> [Dataset section]:
:::::

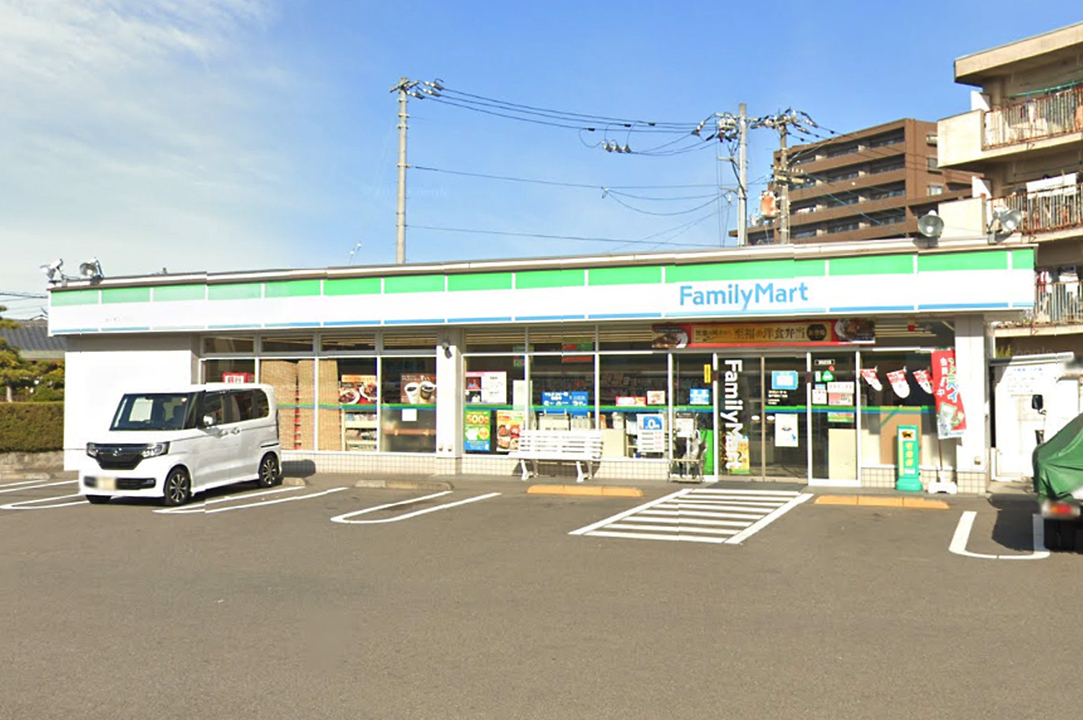 ファミリーマート 余戸南四丁目店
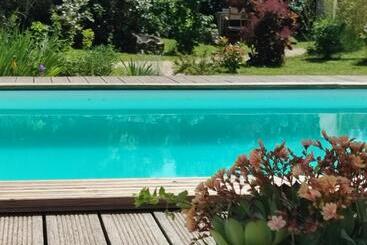 Pensione A Deux Pas De St Cirq Lapopie, La Chambre Du Cocher Des Murets De L Isa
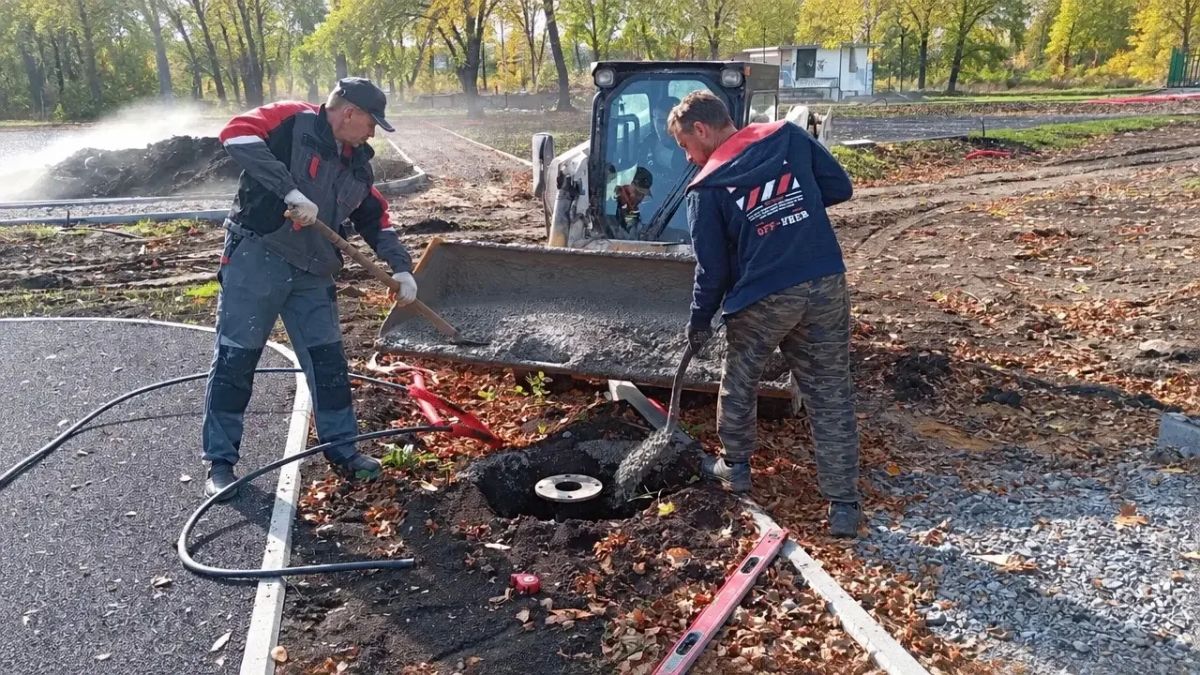 Денис Зубов: Подрядная организация Нижегородской области продолжает работать над благоустройством парка культуры и отдыха в г. о. Иловайск. В 2025 году город Иловайск принимал участие во Всероссийском конкурсе лучших... Денис Зубов: Подрядная организация Нижегородской области продолжает работать над благоустройством парка культуры и отдыха в г. о. Иловайск. В 2025 году город Иловайск принимал участие во Всероссийском конкурсе лучших...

:::::

Repeat every line above exactly, but omit all images.

 ファミリーマート 余戸南四丁目店
 Pensione A Deux Pas De St Cirq Lapopie, La Chambre Du Cocher Des Murets De L Isa
 Денис Зубов: Подрядная организация Нижегородской области продолжает работать над благоустройством парка культуры и отдыха в г. о. Иловайск. В 2025 году город Иловайск принимал участие во Всероссийском конкурсе лучших... Денис Зубов: Подрядная организация Нижегородской области продолжает работать над благоустройством парка культуры и отдыха в г. о. Иловайск. В 2025 году город Иловайск принимал участие во Всероссийском конкурсе лучших...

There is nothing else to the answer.